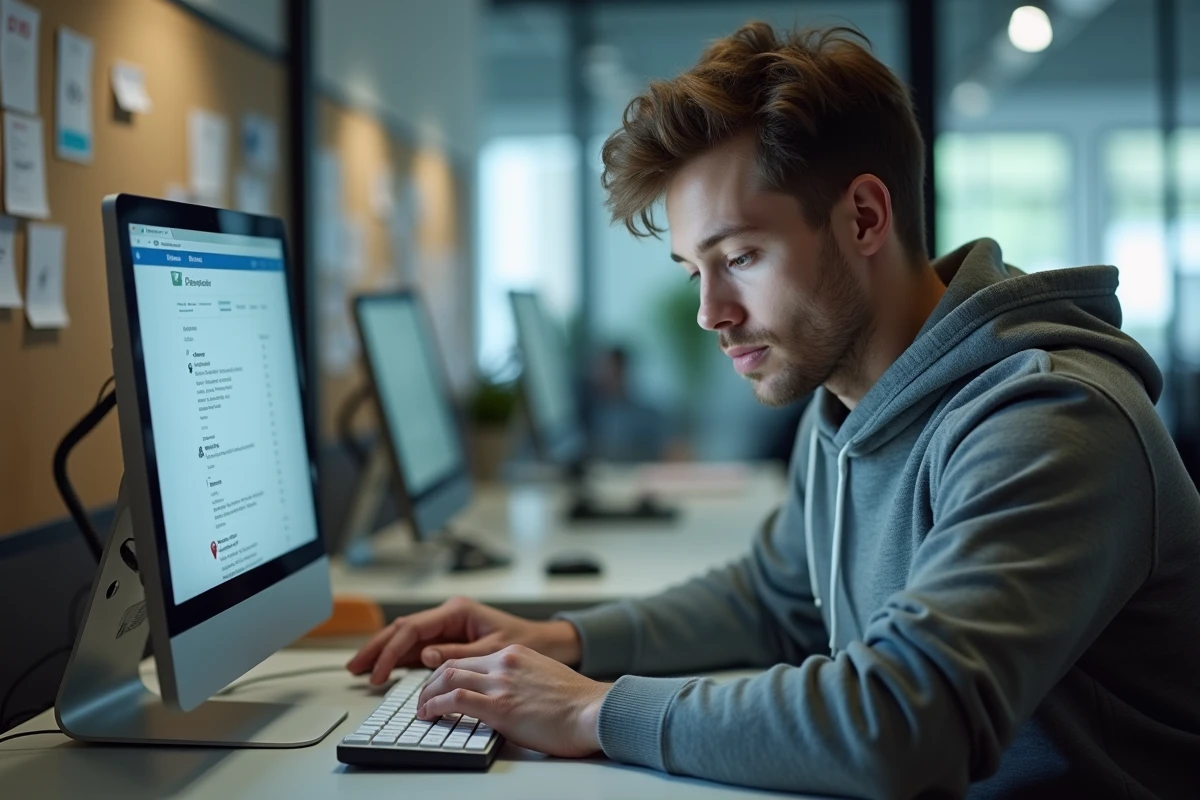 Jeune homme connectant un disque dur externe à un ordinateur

--

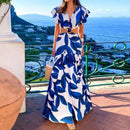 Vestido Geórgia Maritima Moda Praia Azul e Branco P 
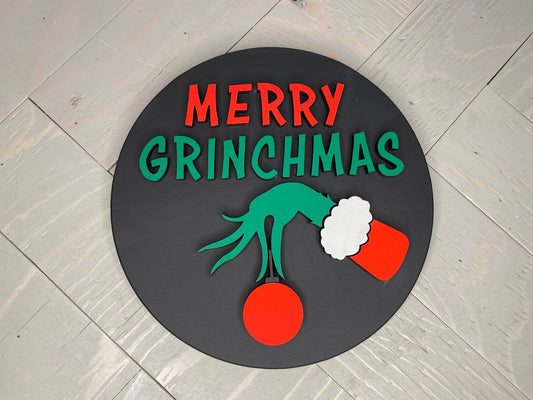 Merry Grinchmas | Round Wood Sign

◆ Exercise brief ◆
Starting with the line that has "Vestido Geórgia Maritima" and going on through the line that has "Merry Grinchmas | Round Wood Sign", transcribe the records above exactly, but skip the pictures.

◆ Solution to this exercise ◆
 Vestido Geórgia Maritima Moda Praia Azul e Branco P 
 Merry Grinchmas | Round Wood Sign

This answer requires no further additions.